To Your Scattered Bodies Go by Phillip Jose Farmer

He heard a loud cry some distance behind him and whirled to see Goring staggering toward him. He was crying out in German to Agneau, warning him that Burton was just outside. In one hand he held a long spear which he brandished at the Englishman.

Burton turned and hurled himself against the flimsy bamboo-slat door. His shoulder drove into it and broke it from its wooden hinges. The door flew inward and struck Agneau, who had been standing just behind it. Burton; the door, and Agneau fell to the floor with Agneau under the door.

Burton rolled off the door, got up, and jumped again with both bare feet on the wood. Agneau screamed and then became silent. Burton heaved the door to one side to find his quarry unconscious and bleeding from the nose. Good! Now if the noise didn’t bring the watch and if he could deal quickly enough with Goring, he could carry out his plan.

He looked up just in time to see the starlight on the long black object hurtling at him.

He threw himself to one side, and the spear plunged into the dirt floor with a thump. Its shaft vibrated like a rattlesnake preparing to strike.

Burton stepped into the doorway, estimated Goring’s distance, and charged. His assegai plunged into the belly of the German. Goring threw his hands up in the air, screamed, and fell on his side. Burton hoisted Agneau’s limp body on his shoulder and carried him out of the hut.

By then there were shouts from the Roundhouse. Torches were flaring up; the sentinel on the nearest watchtower was bellowing. Goring was sitting on the ground, bent over, clutching the shaft close to the wound.

He looked gape-mouthed at Burton and said, “You did it again! You…” He fell over on his face, the death rattle in his throat.

Agneau returned to a frenzied consciousness. He twisted himself out of Burton’s grip and fell to the ground. Unlike Goring, he made no noise. He had as much reason to be silent as Burton – more perhaps. Burton was so surprised that he was left standing with the fellow’s loin-towel clutched in his hand. Burton started to throw it down but felt something stiff and square within the lining of the towel. He transferred the cloth to his left hand, yanked the assegai from the corpse, and ran after Agneau.

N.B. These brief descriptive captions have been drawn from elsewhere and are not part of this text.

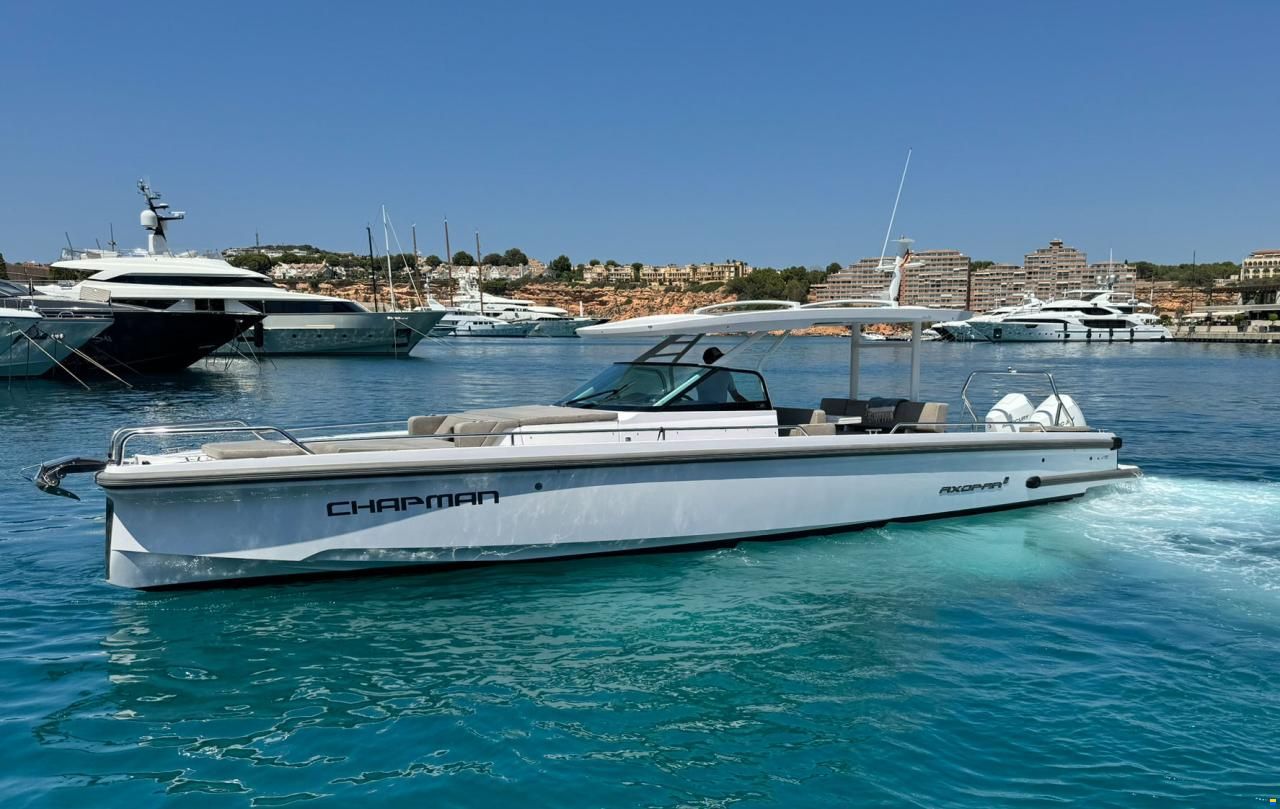 Axopar 37 Sun Top - Multistorage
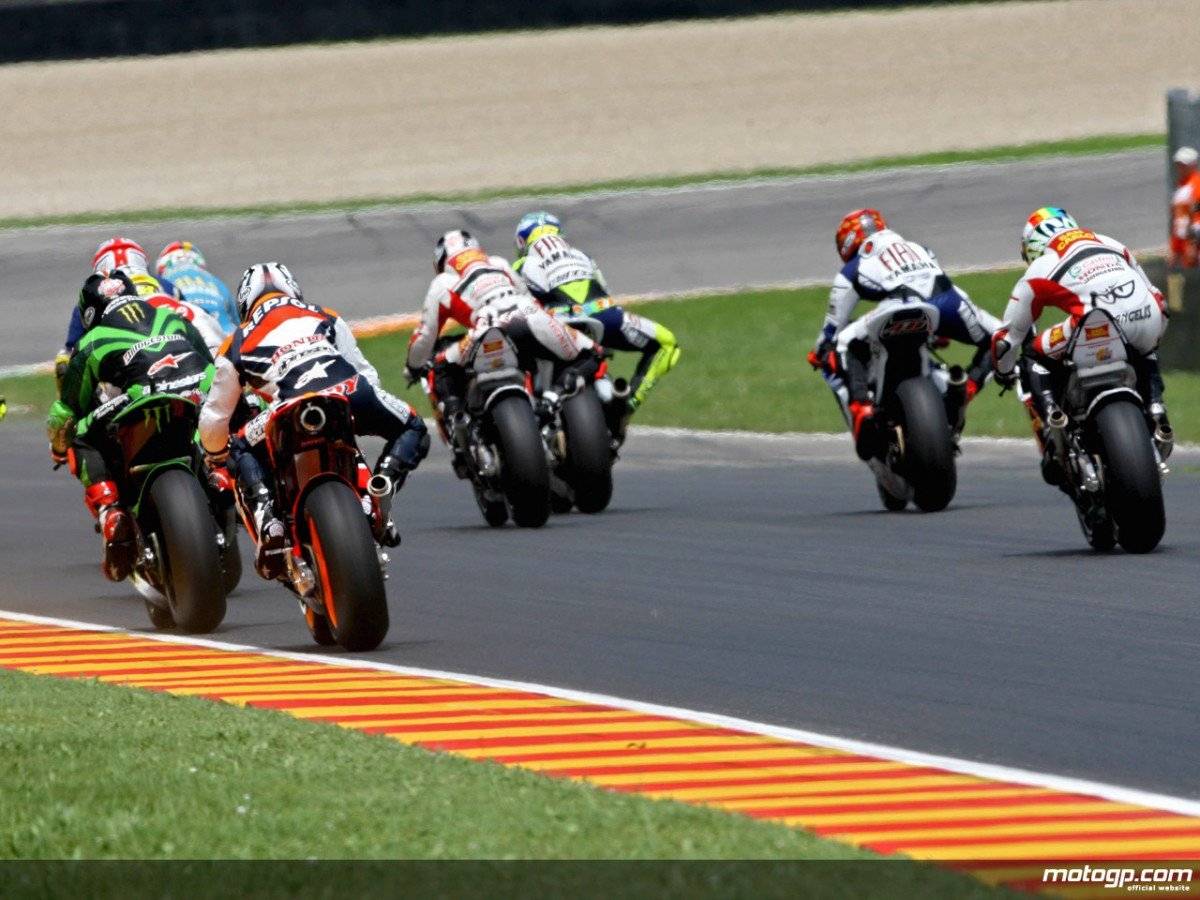 Больше 300 км/ч: репортаж с кольцевых мотогонок серии moto grand prix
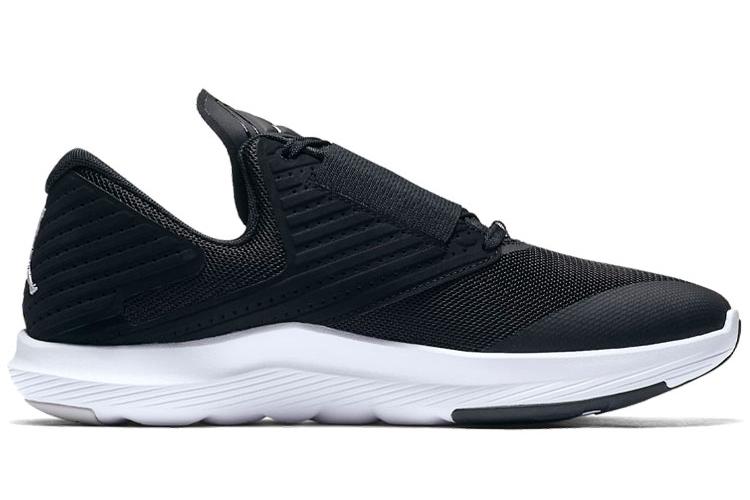 Кроссовки мужские Air Jordan Relentless черные/белые, 41 EU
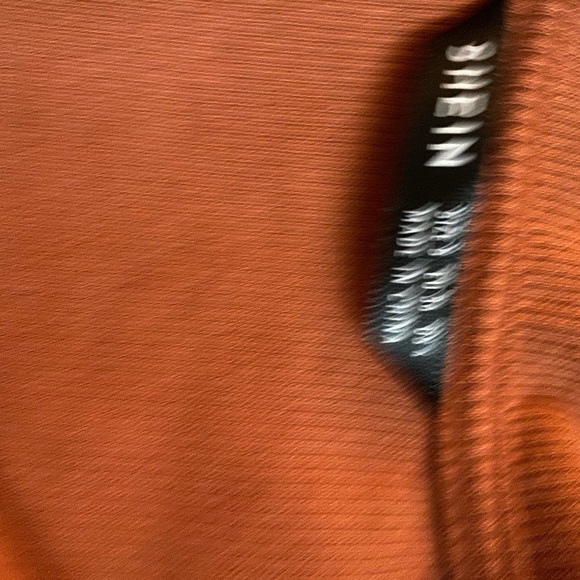 Multiple t-shirts - Picture 12 of 15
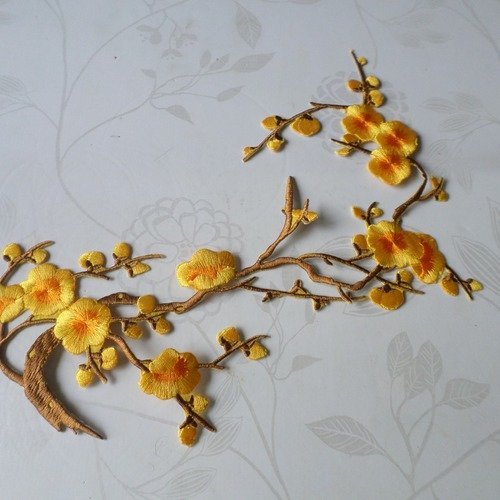 X 1 applique-écusson-patch thermocollant fleur de cerisier ton jaune 40 x 14 cm @b13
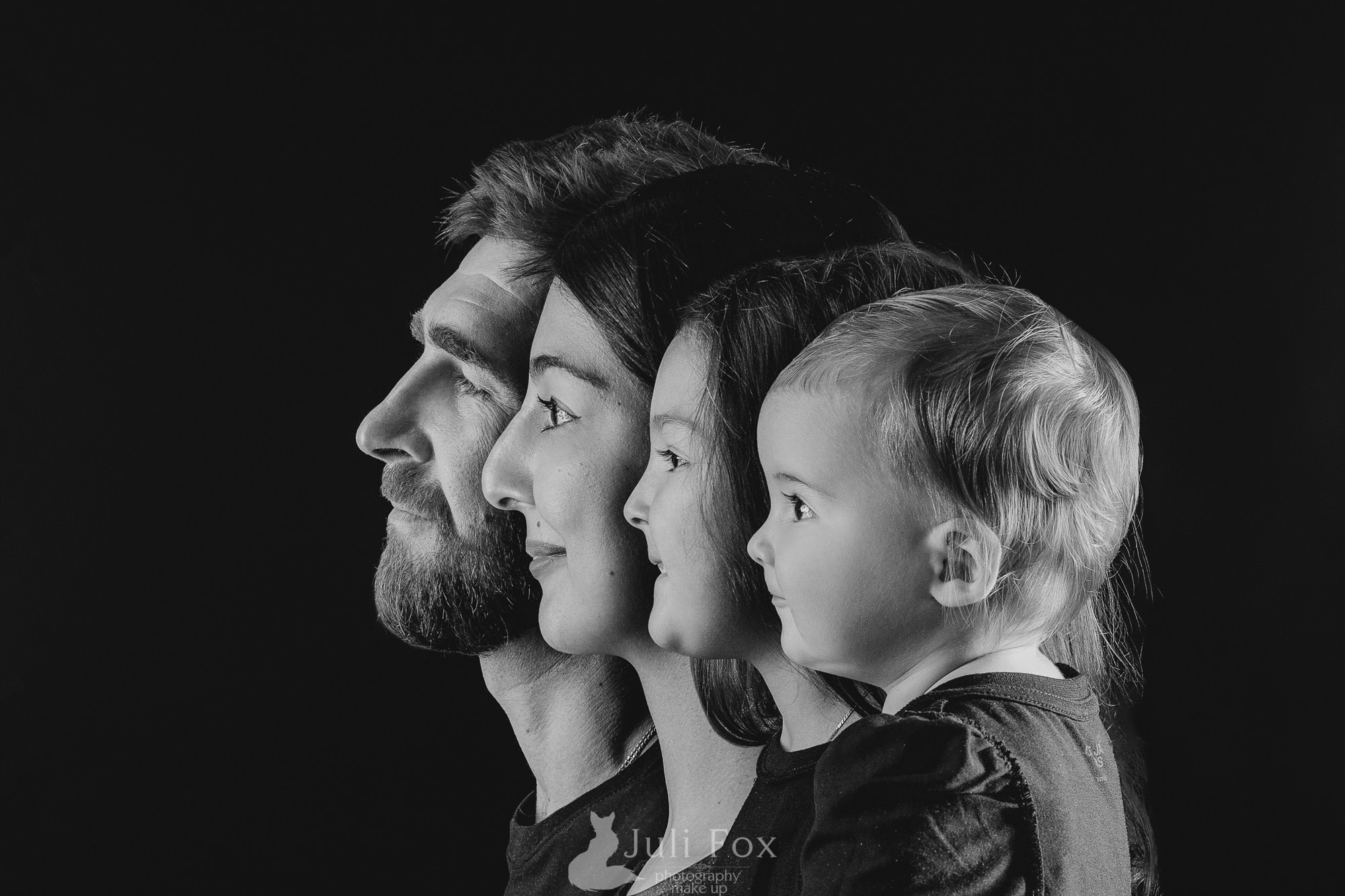 СЕМЕЙНЫЕ. БЕРЕМЕННОСТЬ. Портретный, свадебный, репортажный фотограф во Владивостоке Юлиана Джули Фокс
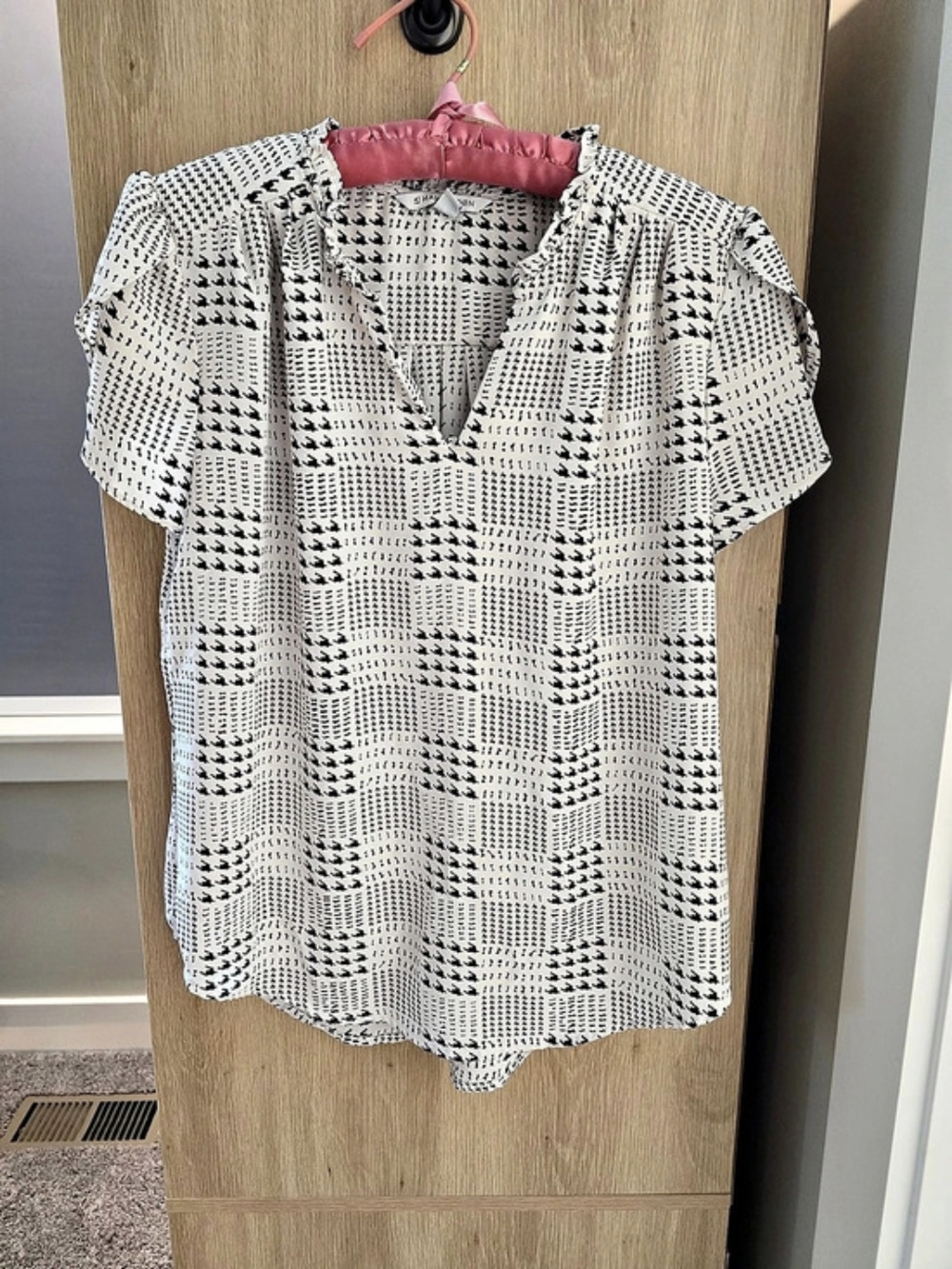 41 Hawthorn Abstract Short Sleeve Blouse in White & Black Size Medium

The Ethical had launched one of the bamboo canoes beached along the shore. He paddled furiously out into the starlit waters, glancing frequently behind him. Burton raised the assegai behind his shoulder and hurled it. It was a short, thick-shafted weapon, designed for infighting and not as a javelin. But it flew straight and came down at the end of its trajectory in Agneau’s back. The Ethical fell forward and at an angle and tipped the narrow craft over. The canoe turned upside down. Agneau did not reappear.

Burton swore. He had wanted to capture Agneau alive, but he was damned if he would permit the Ethical to escape. There was a chance that Agneau had not contacted other Ethicals yet.

He turned back toward the guest huts. Drums were beating up and down along the shore, and people with burning torches were hastening toward the Roundhouse. Burton stopped a woman and asked if he could borrow her torch a moment. She handed it to him but spouted questions at him. He answered that he thought the Choctaws across the River were making a raid. She hurried off toward the assembly before the stockade.

Burton drove the pointed end of the torch into the soft dirt of the bank and examined the towel he had snatched from Agneau. On the inside, just above the hard square in the lining, was a seam sealed with two thin magnetic strips, easily opened. He took the object out of the lining and looked at it by the torchlight.

For a long time he squatted by the shifting light, unable to stop looking or to subdue an almost paralyzing astonishment. A photograph, in this world of no cameras, was unheard-of. But a photograph of him was even more incredible, as was the fact that the picture had not been taken on this world! It had to have been taken on Earth, that Earth lost now in the welter of stars somewhere in the blazing sky and in God only knew how many thousands of years of time.